- EXERCISE OBJECTIVE: Repeat all entries word for word; skip images.

● ● ●

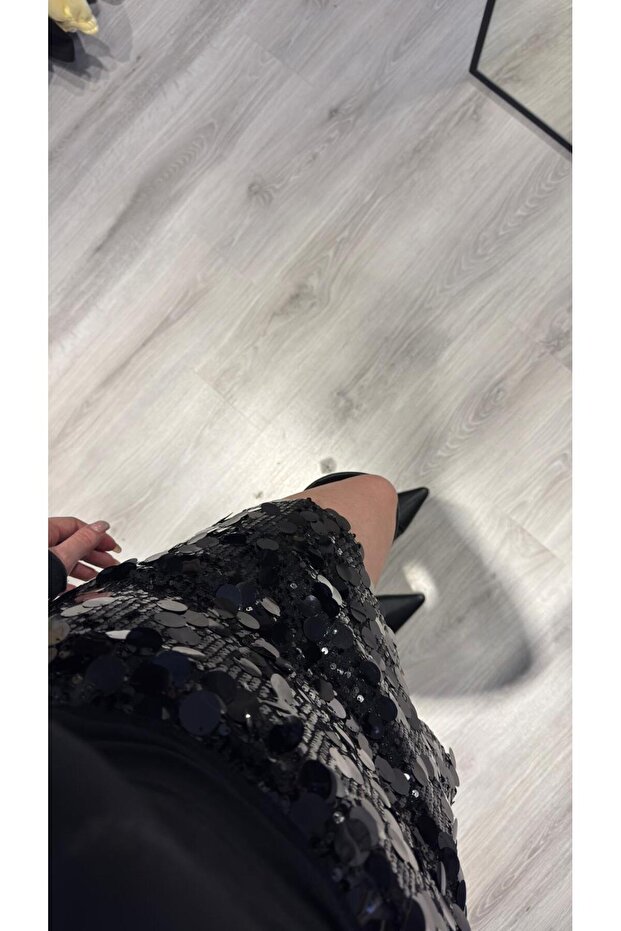 PULLU PAYETLİ ŞORT ETEK - 6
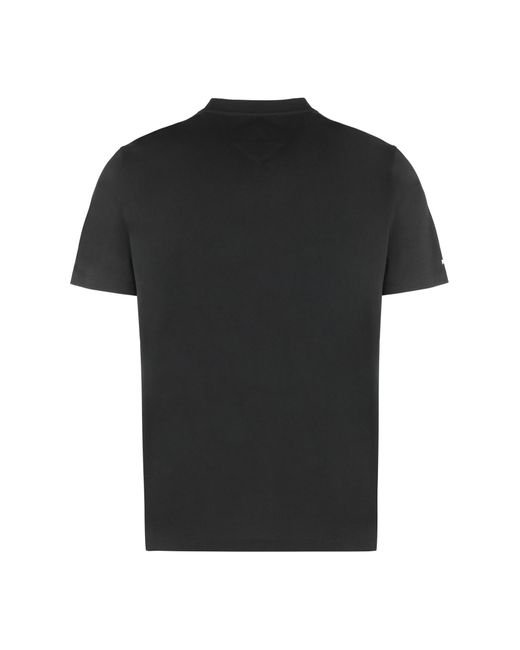 MCM Black Cotton Crew-Neck T-Shirt for men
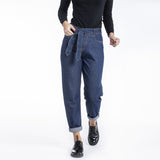 rica lwis mom fit/ paper bag high rise solid blue jeans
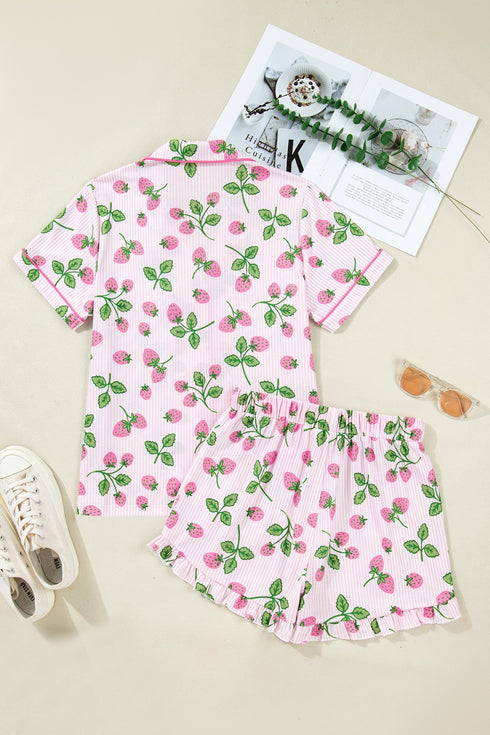 Striped Strawberry Print Lapel Shirt Drawstring Pajama Set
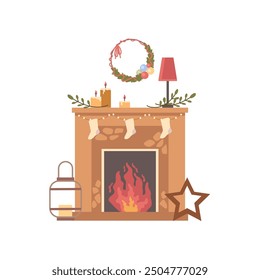 Home fire places with garland lights, lamp Xmas decoration, star and Christmas wreath. Warm cozy winter holiday decor mantelpiece. Christmas fireplaces with candles, flat cartoon vector illustration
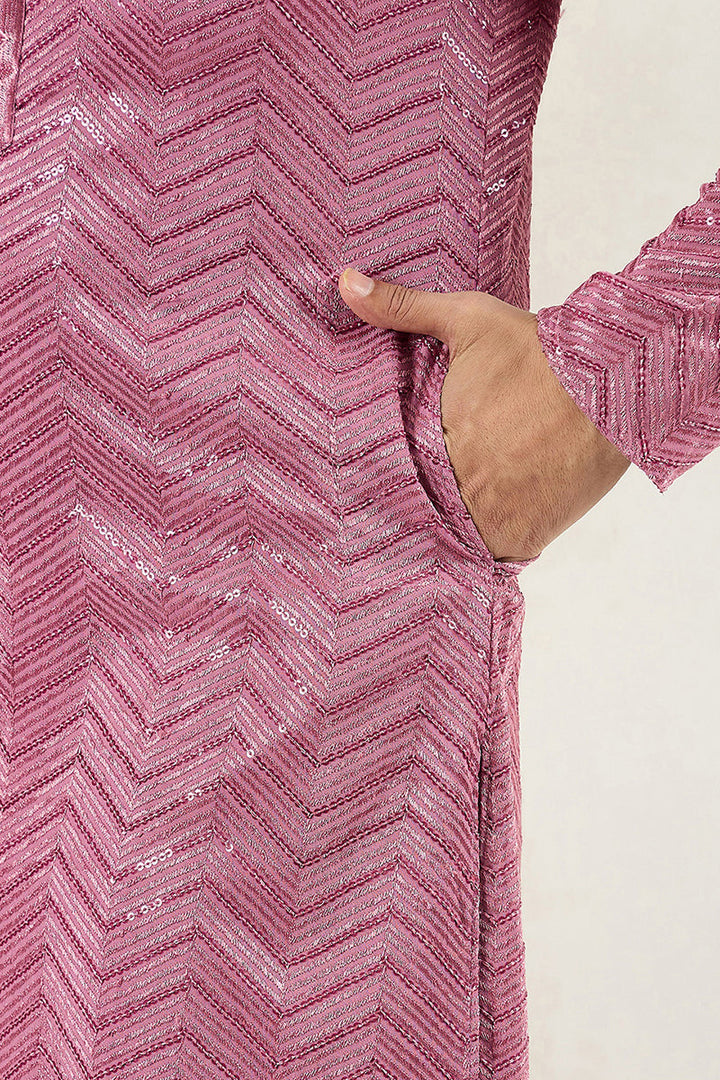 Ethnic Bay Pink Viscose Rayon Solid Embroidered Straight Kurta For Men | SHOBITAM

● ● ●

- ANSWER:
 PULLU PAYETLİ ŞORT ETEK - 6
 MCM Black Cotton Crew-Neck T-Shirt for men
 rica lwis mom fit/ paper bag high rise solid blue jeans
 Striped Strawberry Print Lapel Shirt Drawstring Pajama Set
 Home fire places with garland lights, lamp Xmas decoration, star and Christmas wreath. Warm cozy winter holiday decor mantelpiece. Christmas fireplaces with candles, flat cartoon vector illustration
 Ethnic Bay Pink Viscose Rayon Solid Embroidered Straight Kurta For Men | SHOBITAM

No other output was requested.